*** The input Section Begins ***

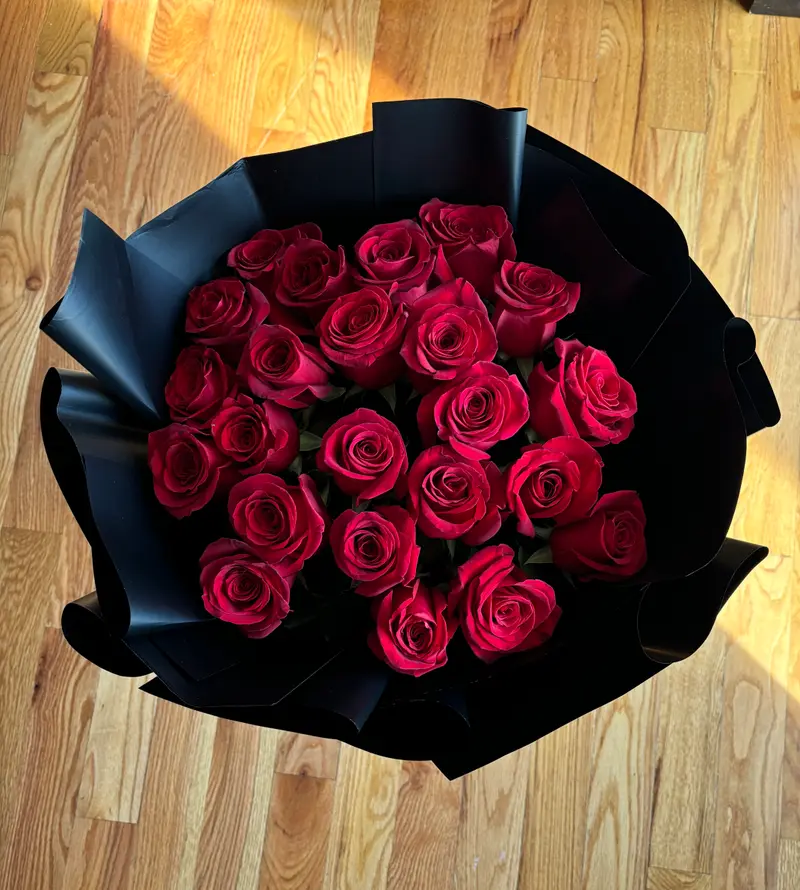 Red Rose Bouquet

*** The input Section Ends ***
*** The input Section Begins ***

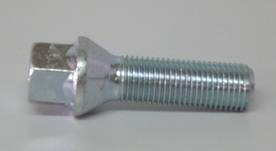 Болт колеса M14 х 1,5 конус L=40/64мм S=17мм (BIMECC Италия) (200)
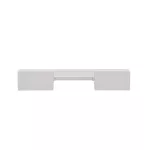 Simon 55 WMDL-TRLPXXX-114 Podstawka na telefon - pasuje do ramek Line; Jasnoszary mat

*** The input Section Ends ***

▸ Work required:
Taking the entries above, extract every line from the one bearing "Болт колеса M14" through the one bearing "Simon 55 WMDL-TRLPXXX-114", exactly, with no pictures.

▸ Solution to this exercise:
 Болт колеса M14 х 1,5 конус L=40/64мм S=17мм (BIMECC Италия) (200)
 Simon 55 WMDL-TRLPXXX-114 Podstawka na telefon - pasuje do ramek Line; Jasnoszary mat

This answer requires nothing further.